**YOUR TASK:** Although the data below contains pictures, output only the lines between those holding "White and Gold" and "A wooden window", inclusive, exactly and without those pictures.

** Opening MATERIAL SHOWN block **

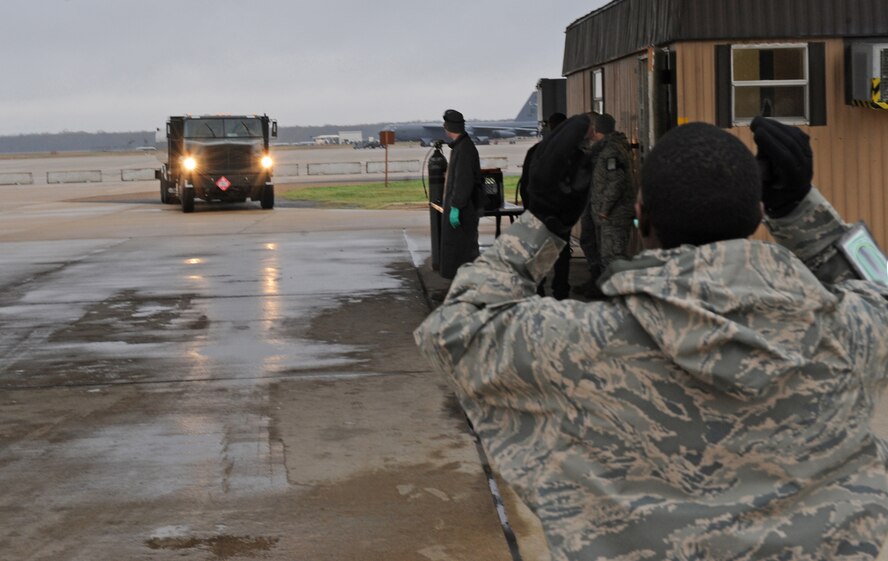 Airman Gregory Parish, 2nd Logistics Readiness Squadron fuels apprentice, guides Senior Airman Gregory Presley, 2 LRS fuels distributor, into the inspection area on Barksdale Air Force Base, La., Dec. 6. Inspections are conducted daily to ensure all fuel trucks are ready and safe to use. (U.S. Air Force photo/Airman 1st Class Micaiah Anthony)(RELEASED)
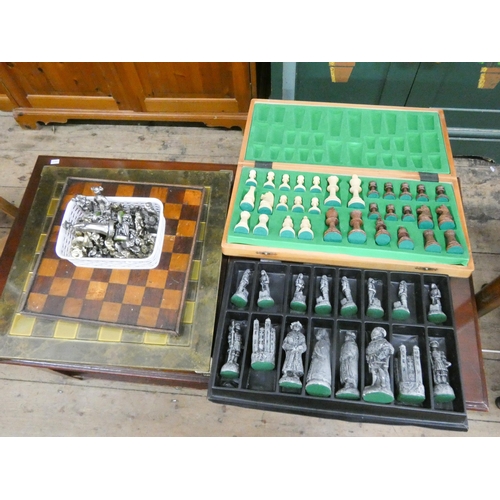 26 - Three assorted chess sets with chess boards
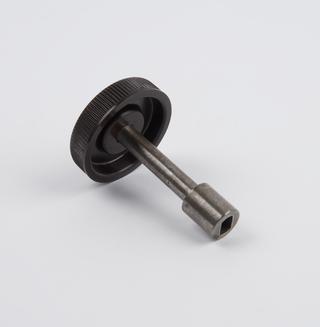 Key to open anaesthetic canisters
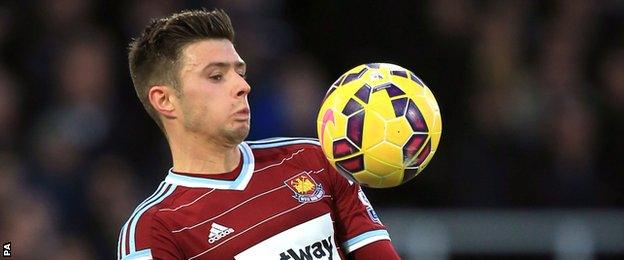 Aaron Cresswell controls the ball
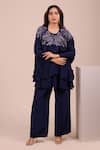 Shop Myra Clothing Line Navy Crepe Embroidery, Sequins, Beads, Stones Round Neck Ruffled Top And Pant Set at Aza Fashions Shop_Myra Clothing Line_Navy Crepe Embroidery, Sequins, Beads, Stones Round Neck Ruffled Top And Pant Set _at_Aza_Fashions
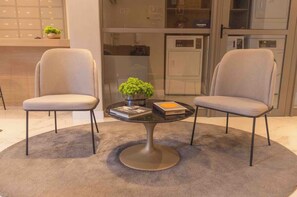 A modern room with two chairs, a round table, a small plant, and a book. - New Listing (São Paulo)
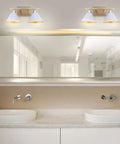 White and Gold Modern Metal Vanity Light Wall Sconce with Cone Shade 16 Inch LED Bulbs Installed Above Bathroom Mirror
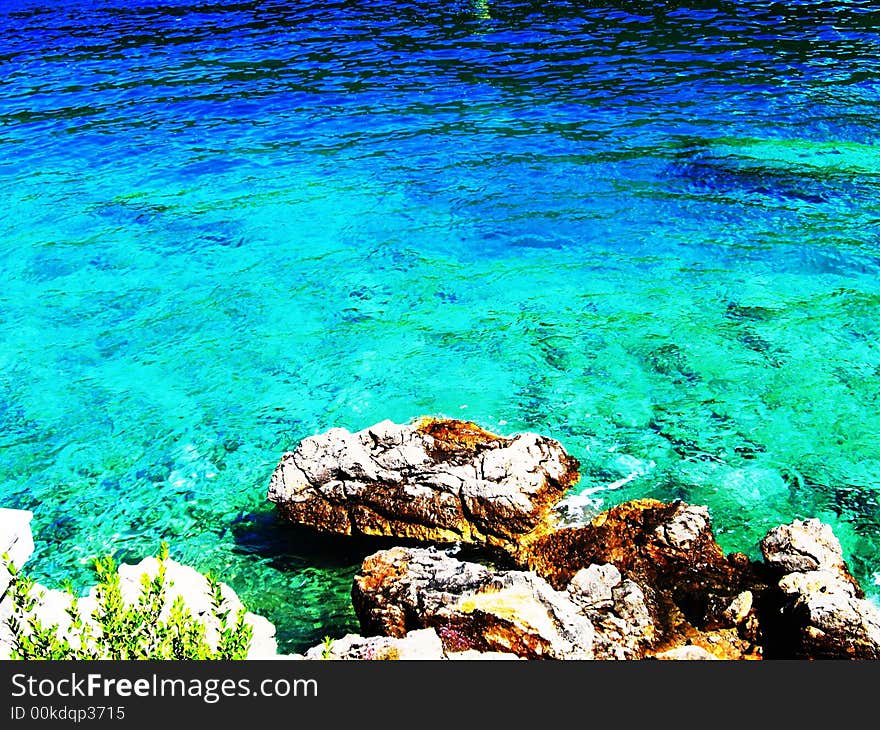 Azure sea water & stony coast. Azure sea water & stony coast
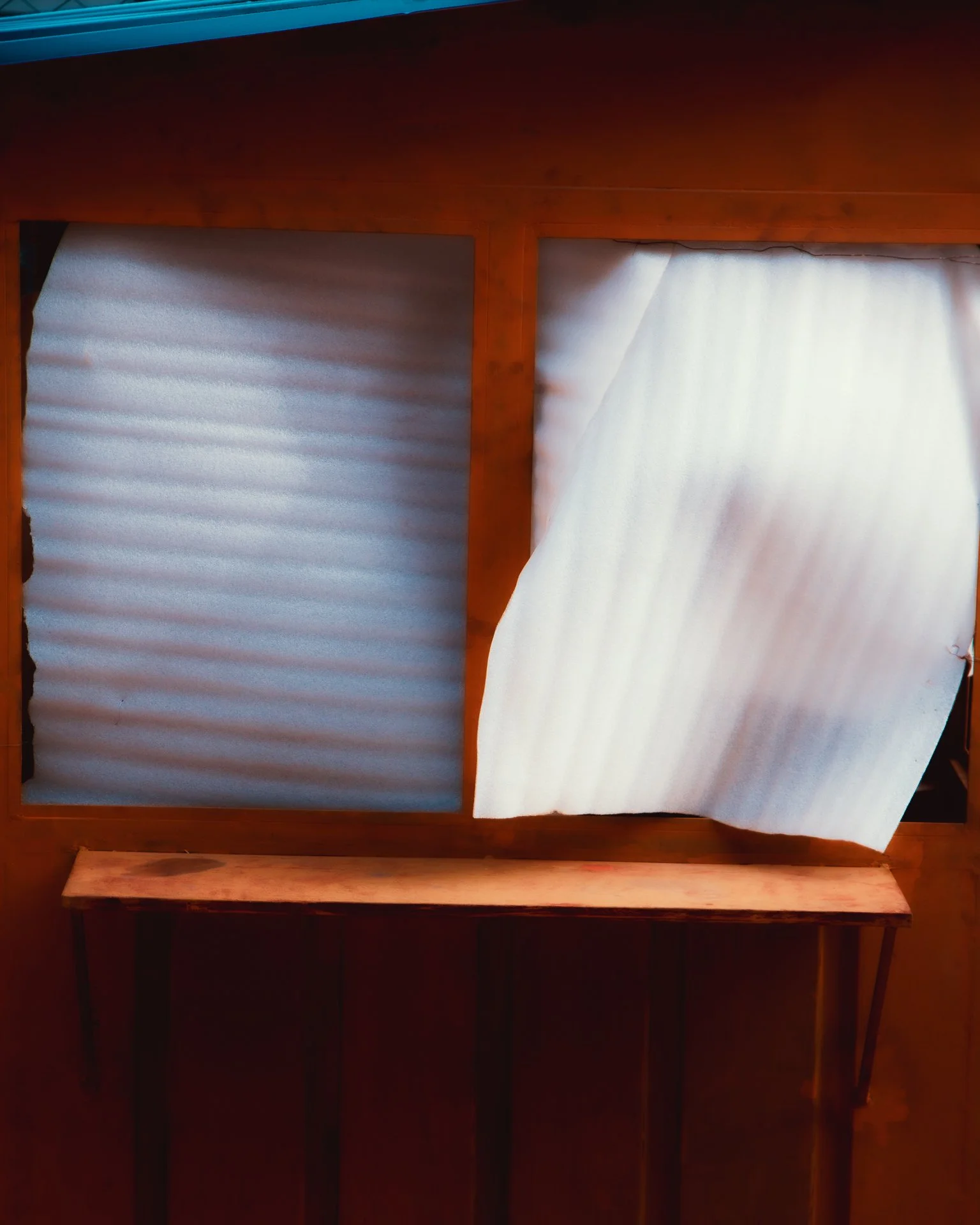 A wooden window frame with two different types of window coverings: one window with horizontal blinds and the other with a curtain partially pulled aside.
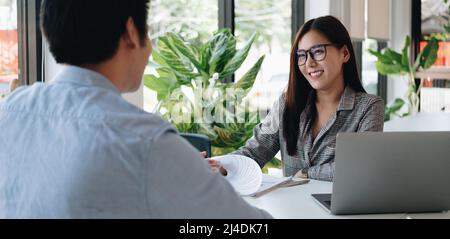 Datore di lavoro o recruiter che legge un riassunto durante circa il colloquio il suo profilo del candidato, datore di lavoro che conduce un colloquio di lavoro, risorsa del responsabile Foto Stock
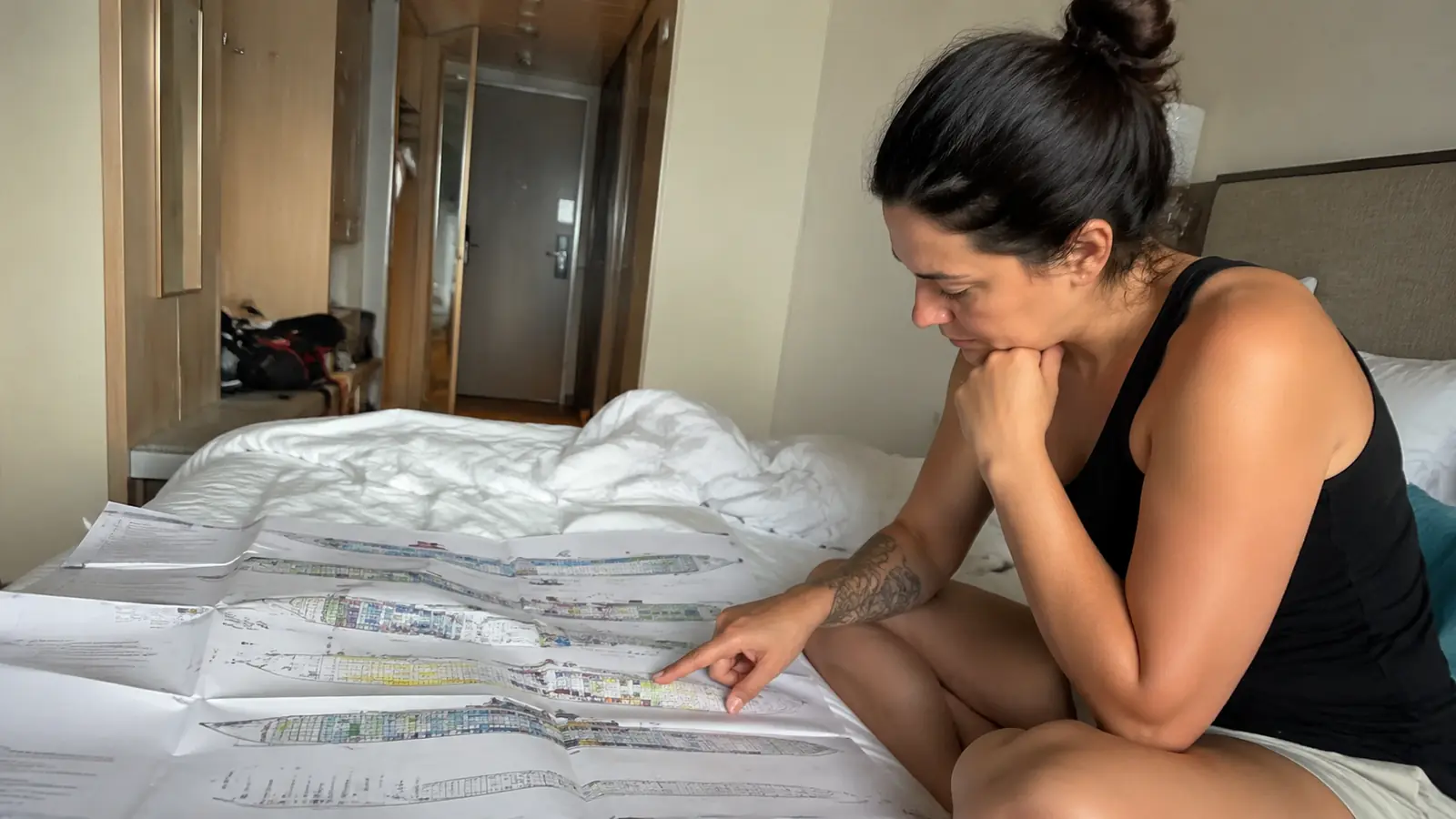 Woman sitting on a cruise cabin bed reviewing large printed deck plans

** Closing MATERIAL SHOWN block **

**EXERCISE SOLUTION:**
 White and Gold Modern Metal Vanity Light Wall Sconce with Cone Shade 16 Inch LED Bulbs Installed Above Bathroom Mirror
 Azure sea water & stony coast. Azure sea water & stony coast
 A wooden window frame with two different types of window coverings: one window with horizontal blinds and the other with a curtain partially pulled aside.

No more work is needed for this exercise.